Over half of Americans believe media censorship of the Hunter Biden laptop story constitutes election interference, a new survey finds.
The survey from the Media Research Center found 49 percent of respondents said it was inappropriate for social media sites to suppress an October 2020 New York Post report that showed Hunter promised Ukrainian business partners access to his father. Twitter suspended the Post‘s account following publication and blocked users from sharing the link. Fifty-two percent of respondents said the blackout constituted election interference.
Big tech has come under fire over the past year for censoring posts on hot-button issues. Facebook has regularly removed or suppressed content that suggests COVID-19 escaped from a Chinese lab. The platform also removed posts from a Gold Star mother critical of Biden's handling of the death of her son. Twitter this month suspended the account of Rep. Jim Banks (R., Ind.) after he referred to a transgender Biden official as a man.
The Media Research Center survey found that the ban on the Hunter Biden story also shaped voters' perceptions of Joe Biden. Almost 30 percent of respondents said they would have been less likely to vote for Biden if they had been aware of evidence Biden lied about "knowledge of his son Hunter's overseas business dealings."
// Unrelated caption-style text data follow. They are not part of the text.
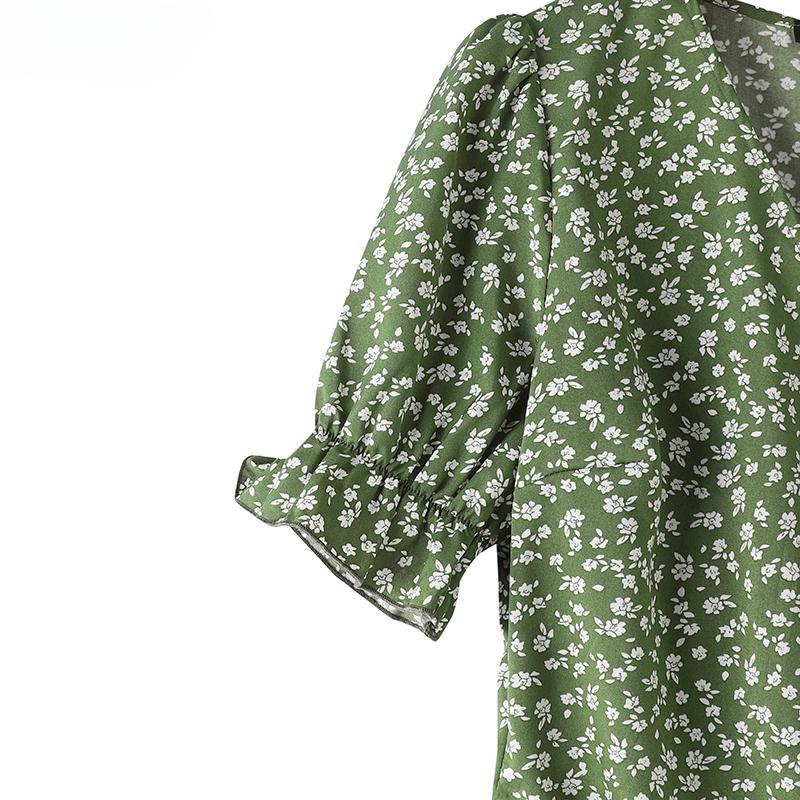 Damen Sommerkleid mit V-Ausschnitt und kurzen Ärmeln und Blumendruck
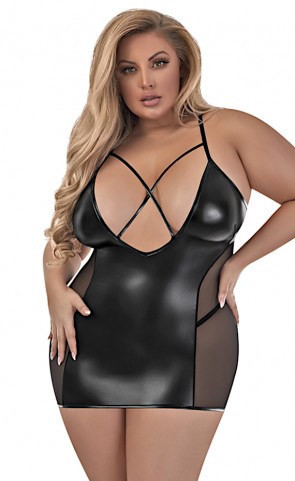 Wet Look & Mesh Plunging Chemise Plus Size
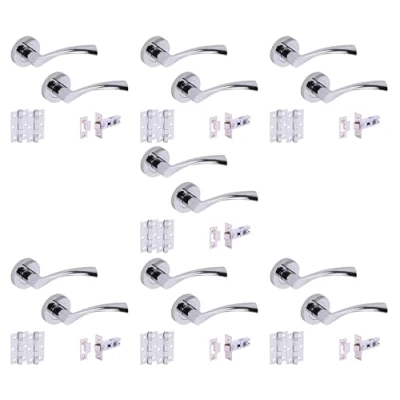 Image of HANDLEZONE® 7 Sets Lobo Internal Door Handles on Rose Lever Latch Packs with 75mm Ball Bearing Hinges and 76mm Latches Polished Chrome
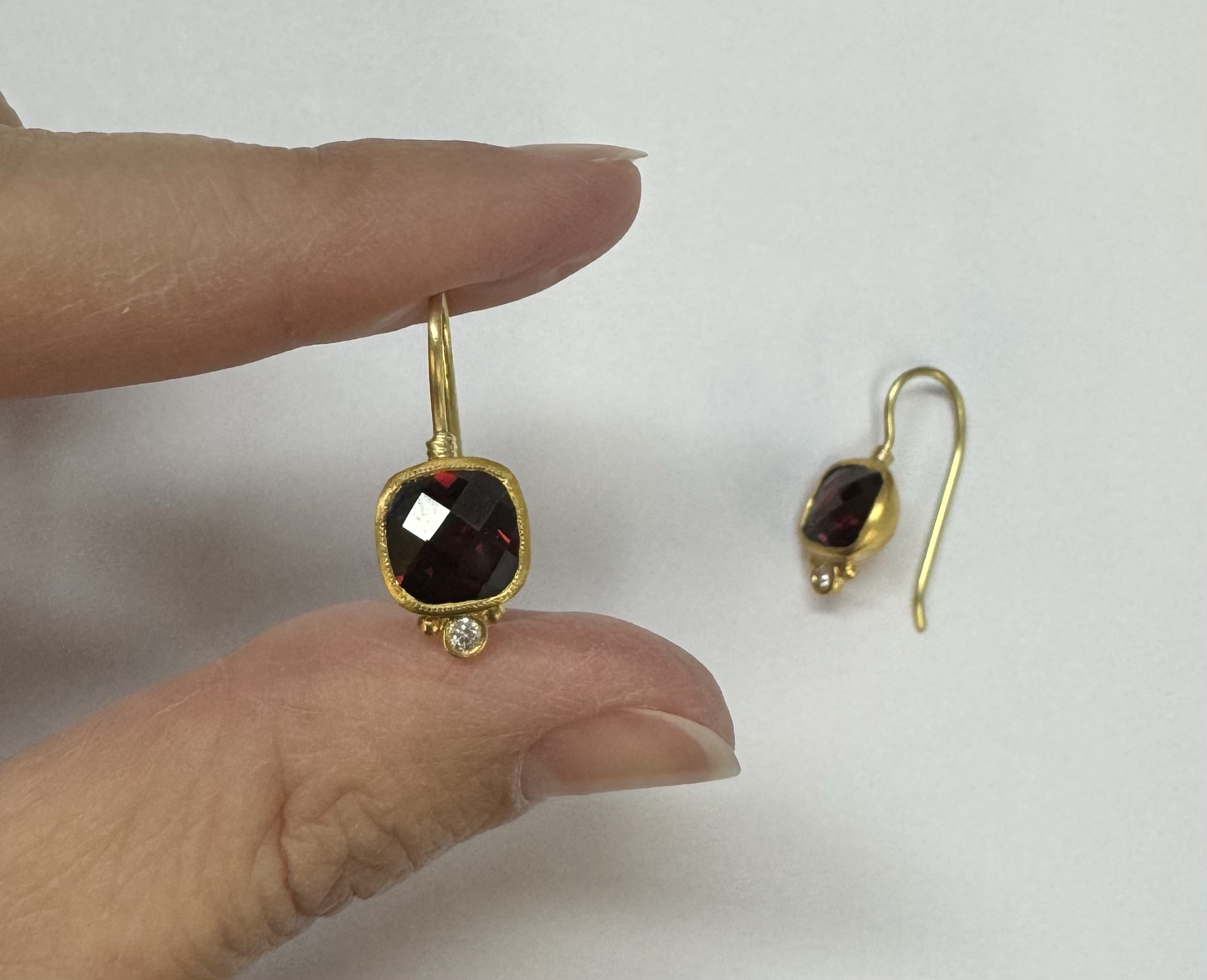 24k & 18k Genuine Garnet Bezel Set Dangle Earrings - Image 18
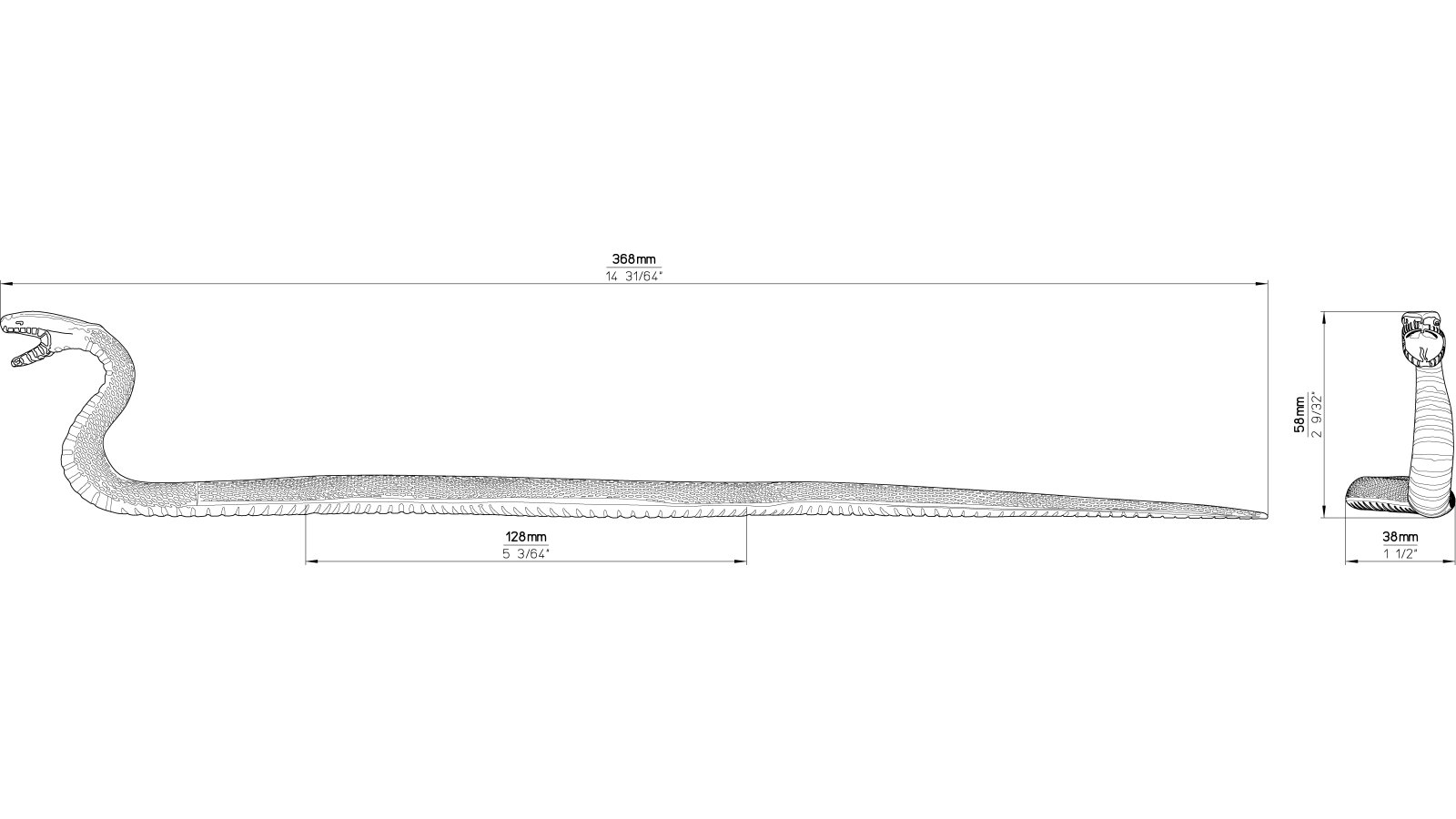 Griff Alsfeld Druckguss altmessingfarbig brüniert getrommelt - 365 mm lang  vor weißem Hintergrund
When the story first broke, media outlets labeled it Russian disinformation, even though there was no evidence that Russian agents were behind the story or that the emails had been falsified. The survey found that line has stuck with many voters, with 30 percent still saying the story was Russian disinformation.
Dan Gainor, a vice president at the Media Research Center, said the survey showed "people are finally catching on to how much we're getting manipulated by big tech." He framed the survey results as a reflection of widespread concerns about self-rule, asking the Washington Free Beacon, "How can democratically elected countries survive if big tech decides it wants to pick who wins the election?"